I had spent the previous five years working out how to CT scan extracted teeth and reconstruct them in 3-D computer space as virtual replicas, (1) so replicating, in 3-D, the incredible anatomy we were seeing in our reconstructed models was very fun to consider.
He said no, not yet — the technology was in early development so the resolution was too large to work for RCT training and the cost of printing at that point could only be borne by aerospace firms. So I waited for 10 years, and had a tooth replica printed at the resolution possible at that time but found it was not yet ready for prime time in dentistry (Fig. 1). Last year, the inflection points of resolution, polymer chemistry, and cost intersected for dentistry’s use of stereo-lithography, and this year Dental Education Laboratories, after completing our development, introduced as TrueTooth™ training replicas.
It’s here now
These replicas are printed in clear and opaque versions for training and testing, and the polymers used are heat-resistant, so high-speed burs don’t gum up when cutting access cavities and the replica’s canal walls don’t melt when obturating with warm gutta-percha methods. Inside the replicas, in all the root canal spaces, is a gel-like material that is red in color and dissolves in sodium hypochlorite, immediately showing students the efficacy of their irrigation procedures. Inside the replicas are the phenomenal intricacies of endodontic anatomy in all of its natural glory.

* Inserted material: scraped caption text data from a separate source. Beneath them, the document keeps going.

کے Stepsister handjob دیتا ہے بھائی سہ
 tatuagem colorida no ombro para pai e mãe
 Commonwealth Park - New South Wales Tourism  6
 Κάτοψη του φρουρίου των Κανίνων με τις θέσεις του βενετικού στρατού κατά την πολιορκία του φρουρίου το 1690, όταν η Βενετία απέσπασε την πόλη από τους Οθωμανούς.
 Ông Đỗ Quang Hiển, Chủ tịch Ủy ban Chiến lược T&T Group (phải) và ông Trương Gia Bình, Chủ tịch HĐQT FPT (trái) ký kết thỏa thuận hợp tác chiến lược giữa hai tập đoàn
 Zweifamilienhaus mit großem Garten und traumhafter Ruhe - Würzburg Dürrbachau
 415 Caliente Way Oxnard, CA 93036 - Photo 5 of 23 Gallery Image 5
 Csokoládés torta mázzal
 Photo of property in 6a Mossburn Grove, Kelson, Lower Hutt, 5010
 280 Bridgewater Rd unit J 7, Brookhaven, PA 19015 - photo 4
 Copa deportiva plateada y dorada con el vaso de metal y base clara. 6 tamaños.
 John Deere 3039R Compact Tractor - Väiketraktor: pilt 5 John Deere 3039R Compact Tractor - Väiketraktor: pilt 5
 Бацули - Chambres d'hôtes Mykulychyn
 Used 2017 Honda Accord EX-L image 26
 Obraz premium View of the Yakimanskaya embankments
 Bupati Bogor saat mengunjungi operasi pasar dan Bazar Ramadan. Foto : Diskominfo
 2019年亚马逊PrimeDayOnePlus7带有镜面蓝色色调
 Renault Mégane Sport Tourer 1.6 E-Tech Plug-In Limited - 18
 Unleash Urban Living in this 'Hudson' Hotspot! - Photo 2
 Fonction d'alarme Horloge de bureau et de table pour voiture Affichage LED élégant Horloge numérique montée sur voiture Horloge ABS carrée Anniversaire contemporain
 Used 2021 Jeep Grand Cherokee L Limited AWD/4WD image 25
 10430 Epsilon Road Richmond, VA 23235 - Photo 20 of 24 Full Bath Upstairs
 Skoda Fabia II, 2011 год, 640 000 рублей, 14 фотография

Negotiating through the canals gives tactile feedback that there is still “pulp” medium present, that the file tip has engaged a lateral fin or accessory canal — in other words, almost as good as the real thing. Cutting shapes in clear TrueTooth roots reveals what aggressive file tips are actually doing when they destroy apical anatomy during preparation procedures. Obturation procedures in these replicas are a “thrill of the fill” experience.
Summary? All boxes are ticked:
- No unknown anatomy. All the anatomy of every replica is known.
- Replicas can be chosen for teaching specific endodontic procedural skills.
- Replicas are exactly the same so they are a fair test between board applicants.
- 3-D printed replicas can be worked with — over and over — the same challenge every time.
- They are less expensive than the oversimplified training models available.
- No more stinky teeth.
Endodontic procedural training will never be the same.
Reference
1. Buchanan LS, Hebert JP. 3-D computer reconstructions of CT scans of extracted human teeth. Unpublished, 1987.